The Russian English Language version of CNN posted the video interview above and I was astounded by it and wanted to share it (if you can’t watch the version here on the blog you can follow the link to YouTube where I found it).

Nigel Farage, the man being interviewed, is an English politician and founder of the Independence Party. He is a member of the European Parliament (MEP) in Brussels, and from the interview it sure sounds like he is the European version of Ron Paul or Ross Perot – telling a whole lot of truth that the other politicians do not want to hear.

Click Here for Today\'s Video on YouTube

News reports state that Cyprus and ECB are said to be working on a capital control plan as a contingency plan against bank runs ahead of bank reopening; Banks may stay closed until Tues 26th instead of this Thursday in light of the “No” vote by the Cypriot parliament to not agree with the plan to “tax” deposits.

Their plan – thus far – is:
– To issue an official statement is expected later tonight with details;
– It is likely to introduce border checks for cash over certain amount not being able to leave the country;
– ECB may fly euro notes from other countries to feed Cyprus ATMs to meet anticipated withdrawal demand;
– The contingency plan said to include daily limits on withdrawal transactions to limit the amount of money citizens can access each day; and
– The anticipate that these restrictions and others will be in place for weeks, until the threat of a bank run is past.

There are lots of stories floating around about how this is a tempest in a teapot – but given the tenuous situation in Europe, it is something we need to watch. No one in our government thought that allowing Lehman Brothers to go bankrupt would be a big deal, and it almost brought down the entire global financial system. I AM NOT saying that big of a problem is possible with the situation in Cyprus – what I am saying is that it is smart to watch what is happening (I prefer the European news agencies perspectives on YouTube) in order to manage the risk for our clients.

At the top of the page, you see the chart of the TED spread – I haven’t posted this on the blog in a few years (since the stock market crash in 2008). At that time, I wrote that this chart tells me if there is a significant chance for some event that will seriously impact the global financial system (generally a liquidity event or a solvency event). The key levels to watch are 1.000 and 2.000, and the direction of the line as it moves.

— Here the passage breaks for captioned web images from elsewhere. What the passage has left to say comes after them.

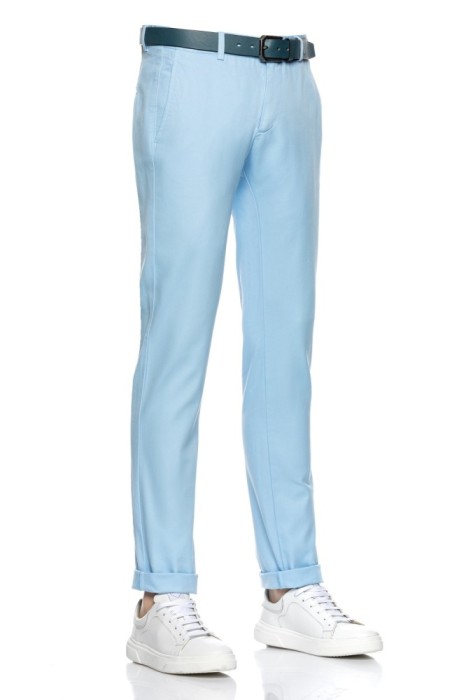 Pantaloni barbati chino bleu CH001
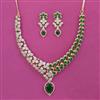 American Diamond Classic Necklace with 2 Tone Plating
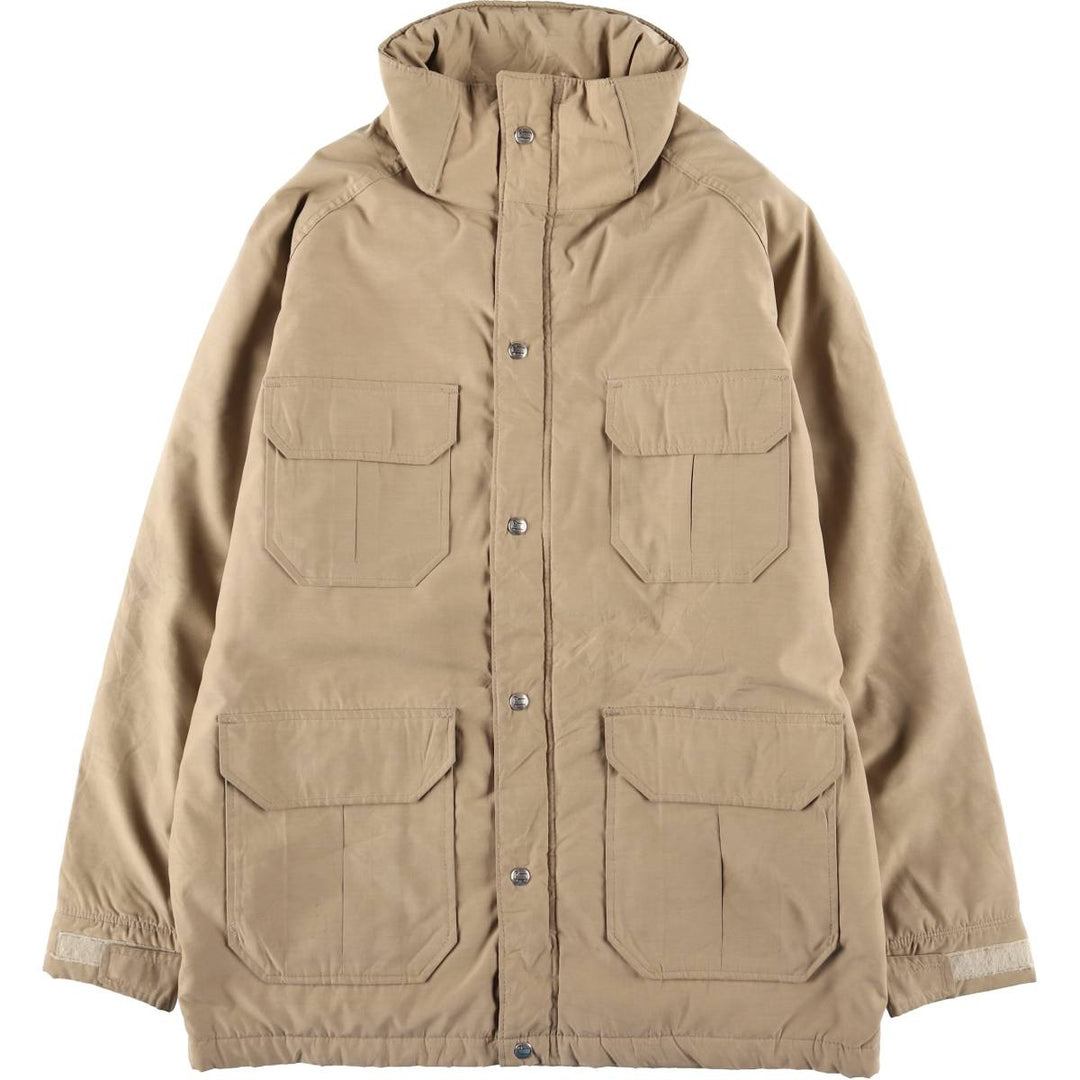 Vintage 1970'S Woolrich padded mountain jacket, shell jacket, and puffer jacket, made in the USA, size L, men's. polyester Beige type Vintage Second Hand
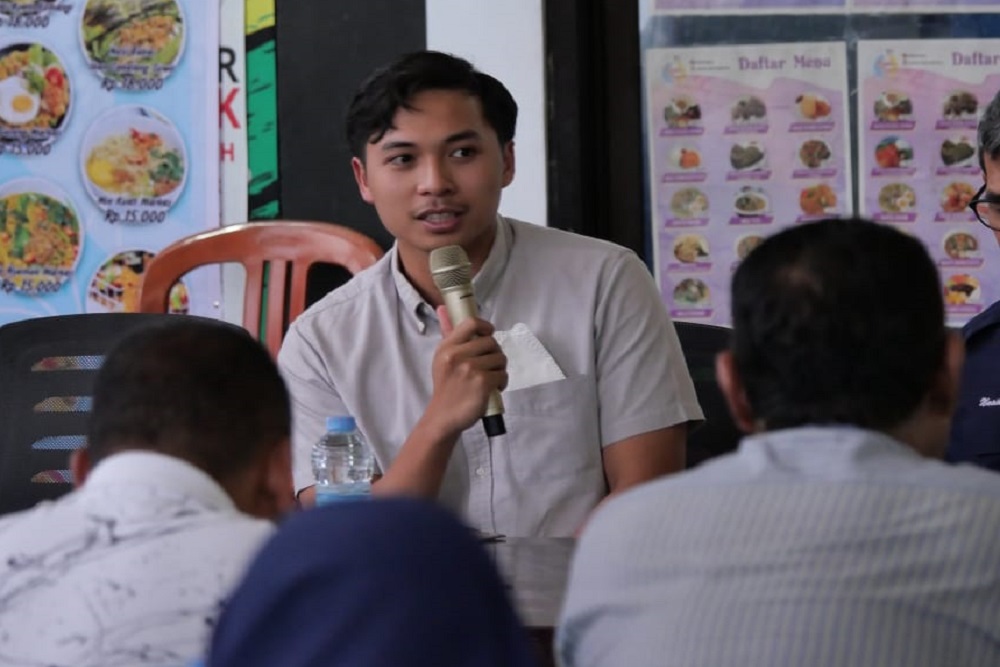 Arief Gobel Berbagi Inspirasi dengan Milenial Gorontalo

You can see right now that we are very low so the markets are not anticipating any sort of event that would negatively impact the global financial system – based upon this very reliable indicator, maybe it is correct that we are seeing a tempest in a teapot – however, I will keep track of this indicator and post it here periodically so that you are aware of what it says.

If you were a reader of the blog in 2006/7, you will recall that I got concerned with this indicator based upon the initial issues with the sub-prime market, and in the summer of 2006 we sold all of our stocks and bonds issued by banks. That turned out to be a very good move (although it was 18 months before the crash) – I just didn’t think that the policy decisions made by Washington and Brussels would add to the problems (like letting Lehman Brothers fail when they were so interconnected to the global financial system) and cause a liquidity problem worldwide. I want to make sure that if the indicator jumps up this time, we view it more globally and not just as it might impact financial service companies here in the US.

We have gotten increasingly conservative as the market has moved higher – and I see no reason to change that posture when we are so close to an all-time high in the S&P 500.

Listening to MEP Farage put me in the mood for a scene from one of my favorite movies…

Click Here for Today\'s Video on YouTube

But can the politicians in Brussels handle the truth? We’ll see (and we will see it before anyone else by keeping track of the TED spread).